Ingredients:

  • 1 pound (454g) spaghetti
  • 8 ounces (227g) cream cheese, softened
  • 1/2 cup (118ml) sour cream
  • 1/4 cup (59ml) grated Parmesan cheese, plus more for topping
  • 1 tablespoon (15ml) olive oil
  • 1 pound (454g) ground beef (80/20 blend recommended for flavour)
  • 1 medium yellow onion, chopped
  • 2 cloves garlic, minced
  • 1 (28 ounce) can (794g) crushed tomatoes
  • 1 (15 ounce) can (425g) tomato sauce
  • 1 teaspoon dried oregano
  • 1/2 teaspoon dried basil
  • 1/4 teaspoon red pepper flakes (optional)

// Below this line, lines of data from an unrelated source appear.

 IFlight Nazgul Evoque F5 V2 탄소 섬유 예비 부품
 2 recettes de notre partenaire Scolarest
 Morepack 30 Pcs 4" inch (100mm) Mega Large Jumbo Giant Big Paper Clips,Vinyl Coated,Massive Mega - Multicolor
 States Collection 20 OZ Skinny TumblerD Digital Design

  • Salt and freshly ground black pepper to taste
  • 1 cup (237ml) shredded mozzarella cheese

Instructions:

  1. Cook spaghetti according to package directions until al dente. Drain well.

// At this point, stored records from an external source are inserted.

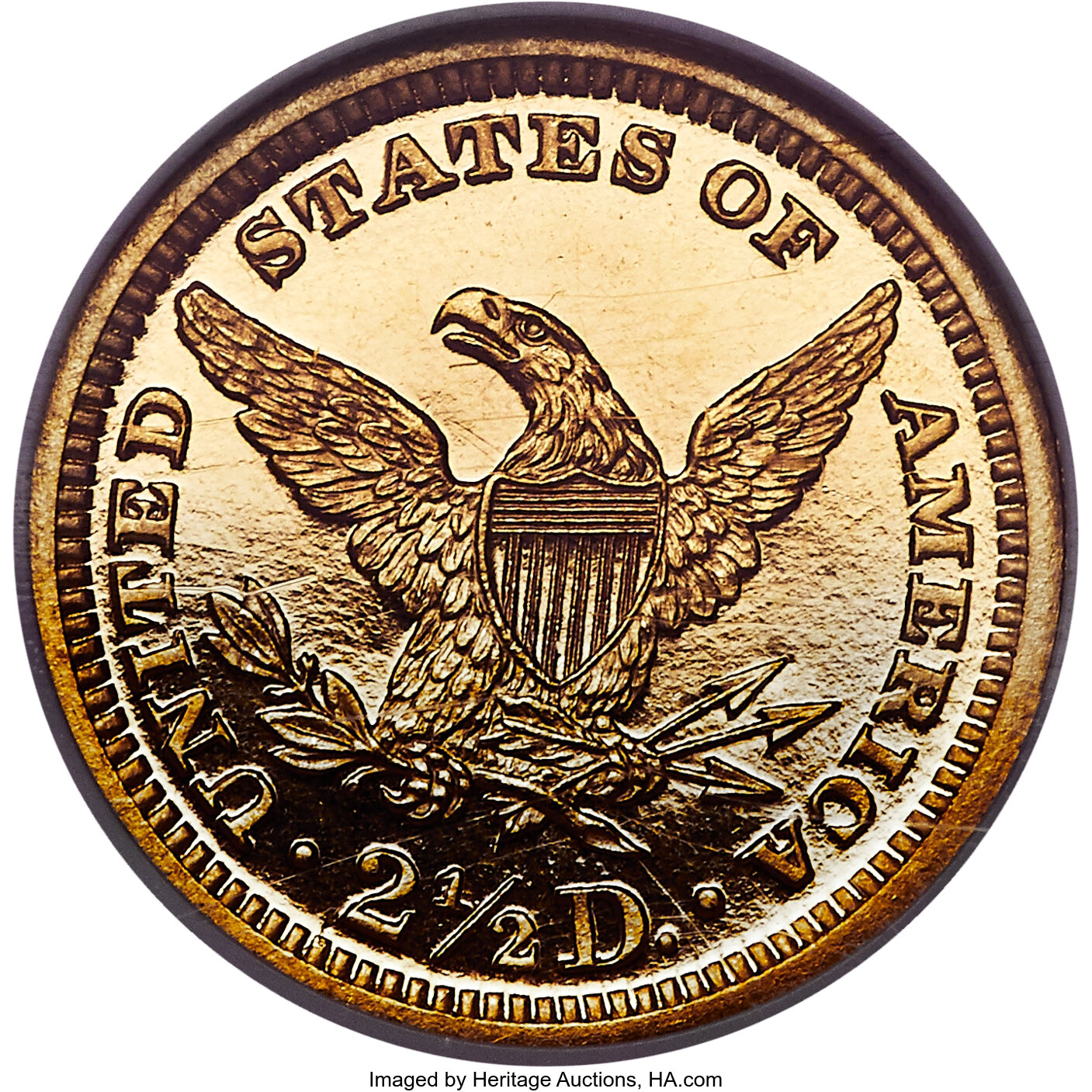 image for: 1882 $2 1/2 PR64 Ultra Cameo NGC. JD-1, R.6....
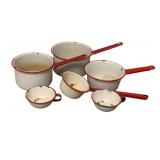 Assorted Enamelware Pots & More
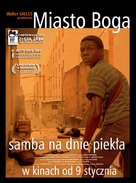 Cidade de Deus - Polish Movie Poster (xs thumbnail)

  2. In a large bowl, combine cream cheese, sour cream, and Parmesan cheese. Mix until smooth.
  3. Add the drained spaghetti to the cheese mixture and toss to coat evenly.
  4. Heat olive oil in a large skillet over medium heat. Add ground beef and cook, breaking it up with a spoon, until browned. Drain any excess grease.
  5. Add chopped onion and minced garlic to the skillet and cook until softened, about 5 minutes.
  6. Stir in crushed tomatoes, tomato sauce, oregano, basil, red pepper flakes (if using), salt, and pepper. Bring to a simmer and cook for 15 minutes, stirring occasionally, to allow the flavours to meld.
  7. Spread half of the spaghetti mixture in the bottom of the prepared baking dish.
  8. Pour the meat sauce over the spaghetti layer. Top with the remaining spaghetti mixture.
  9. Sprinkle the shredded mozzarella cheese evenly over the top of the casserole.
  10. Bake in a preheated oven at 350°F (175°C) for 20-25 minutes, or until the cheese is melted and bubbly and the casserole is heated through.
  11. Let stand for 5-10 minutes before serving.